* **Task statement**
Transcribe the stretch of entries below from the line with "Bedah Poster Avengers" through the line with "APARTAMENTO 02 DORMITORIOS", exactly and with both ends included; leave out all other lines.
"""
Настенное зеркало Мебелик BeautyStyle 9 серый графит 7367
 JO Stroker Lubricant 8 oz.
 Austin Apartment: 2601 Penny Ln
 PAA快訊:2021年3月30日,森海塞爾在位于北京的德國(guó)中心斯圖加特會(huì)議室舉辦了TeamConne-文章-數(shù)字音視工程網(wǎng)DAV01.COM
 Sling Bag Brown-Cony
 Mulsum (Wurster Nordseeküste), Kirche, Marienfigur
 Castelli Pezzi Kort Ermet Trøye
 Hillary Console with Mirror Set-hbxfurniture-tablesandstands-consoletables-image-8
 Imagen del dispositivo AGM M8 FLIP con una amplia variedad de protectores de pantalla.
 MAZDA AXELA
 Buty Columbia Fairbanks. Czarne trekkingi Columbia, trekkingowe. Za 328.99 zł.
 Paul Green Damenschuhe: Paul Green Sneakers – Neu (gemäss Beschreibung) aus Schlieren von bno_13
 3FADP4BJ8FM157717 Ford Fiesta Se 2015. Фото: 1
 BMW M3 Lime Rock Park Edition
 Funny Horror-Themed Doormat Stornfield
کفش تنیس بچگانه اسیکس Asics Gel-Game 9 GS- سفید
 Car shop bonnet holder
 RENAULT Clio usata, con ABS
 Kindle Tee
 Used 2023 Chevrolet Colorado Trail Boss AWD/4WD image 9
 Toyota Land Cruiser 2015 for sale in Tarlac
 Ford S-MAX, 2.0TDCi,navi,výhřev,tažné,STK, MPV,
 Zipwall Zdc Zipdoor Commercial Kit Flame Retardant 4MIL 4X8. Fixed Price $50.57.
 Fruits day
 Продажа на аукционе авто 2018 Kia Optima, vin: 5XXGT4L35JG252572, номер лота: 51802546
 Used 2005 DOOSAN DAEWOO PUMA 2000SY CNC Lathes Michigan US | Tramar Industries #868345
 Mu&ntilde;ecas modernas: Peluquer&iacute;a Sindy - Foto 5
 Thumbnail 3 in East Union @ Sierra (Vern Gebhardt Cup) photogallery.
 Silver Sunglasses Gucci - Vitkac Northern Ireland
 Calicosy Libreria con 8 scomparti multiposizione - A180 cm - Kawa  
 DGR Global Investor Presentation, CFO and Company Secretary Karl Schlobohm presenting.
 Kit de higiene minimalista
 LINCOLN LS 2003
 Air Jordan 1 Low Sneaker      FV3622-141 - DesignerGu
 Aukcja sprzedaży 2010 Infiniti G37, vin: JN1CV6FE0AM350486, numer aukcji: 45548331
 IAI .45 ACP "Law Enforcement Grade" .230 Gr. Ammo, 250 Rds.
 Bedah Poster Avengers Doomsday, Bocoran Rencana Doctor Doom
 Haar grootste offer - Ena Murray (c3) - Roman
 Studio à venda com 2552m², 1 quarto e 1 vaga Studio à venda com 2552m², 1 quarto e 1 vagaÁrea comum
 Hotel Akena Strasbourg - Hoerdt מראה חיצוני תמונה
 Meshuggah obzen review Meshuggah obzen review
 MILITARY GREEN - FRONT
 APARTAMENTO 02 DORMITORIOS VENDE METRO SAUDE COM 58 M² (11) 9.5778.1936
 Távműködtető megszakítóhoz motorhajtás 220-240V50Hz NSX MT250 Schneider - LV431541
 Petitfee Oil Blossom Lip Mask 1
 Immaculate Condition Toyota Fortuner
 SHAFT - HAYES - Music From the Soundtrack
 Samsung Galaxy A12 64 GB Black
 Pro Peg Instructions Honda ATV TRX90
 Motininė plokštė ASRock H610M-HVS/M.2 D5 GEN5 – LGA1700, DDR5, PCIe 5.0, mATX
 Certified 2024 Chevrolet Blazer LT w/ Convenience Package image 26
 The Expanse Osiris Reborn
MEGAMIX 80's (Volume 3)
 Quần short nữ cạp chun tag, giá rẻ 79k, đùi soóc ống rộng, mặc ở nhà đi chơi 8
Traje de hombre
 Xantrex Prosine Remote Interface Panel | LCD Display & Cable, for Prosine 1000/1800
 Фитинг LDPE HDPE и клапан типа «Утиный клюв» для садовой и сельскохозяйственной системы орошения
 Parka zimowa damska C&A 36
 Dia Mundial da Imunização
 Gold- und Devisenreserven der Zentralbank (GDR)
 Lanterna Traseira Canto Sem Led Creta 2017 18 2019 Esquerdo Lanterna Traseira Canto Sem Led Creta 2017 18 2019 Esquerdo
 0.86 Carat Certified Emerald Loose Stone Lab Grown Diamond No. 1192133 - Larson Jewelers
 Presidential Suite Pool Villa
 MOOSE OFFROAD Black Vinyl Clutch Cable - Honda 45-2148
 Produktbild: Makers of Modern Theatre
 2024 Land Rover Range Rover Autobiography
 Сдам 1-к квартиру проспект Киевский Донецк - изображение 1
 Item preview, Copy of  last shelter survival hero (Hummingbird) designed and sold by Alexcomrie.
"""
* **Solution for this task**
 Bedah Poster Avengers Doomsday, Bocoran Rencana Doctor Doom
 Haar grootste offer - Ena Murray (c3) - Roman
 Studio à venda com 2552m², 1 quarto e 1 vaga Studio à venda com 2552m², 1 quarto e 1 vagaÁrea comum
 Hotel Akena Strasbourg - Hoerdt מראה חיצוני תמונה
 Meshuggah obzen review Meshuggah obzen review
 MILITARY GREEN - FRONT
 APARTAMENTO 02 DORMITORIOS VENDE METRO SAUDE COM 58 M² (11) 9.5778.1936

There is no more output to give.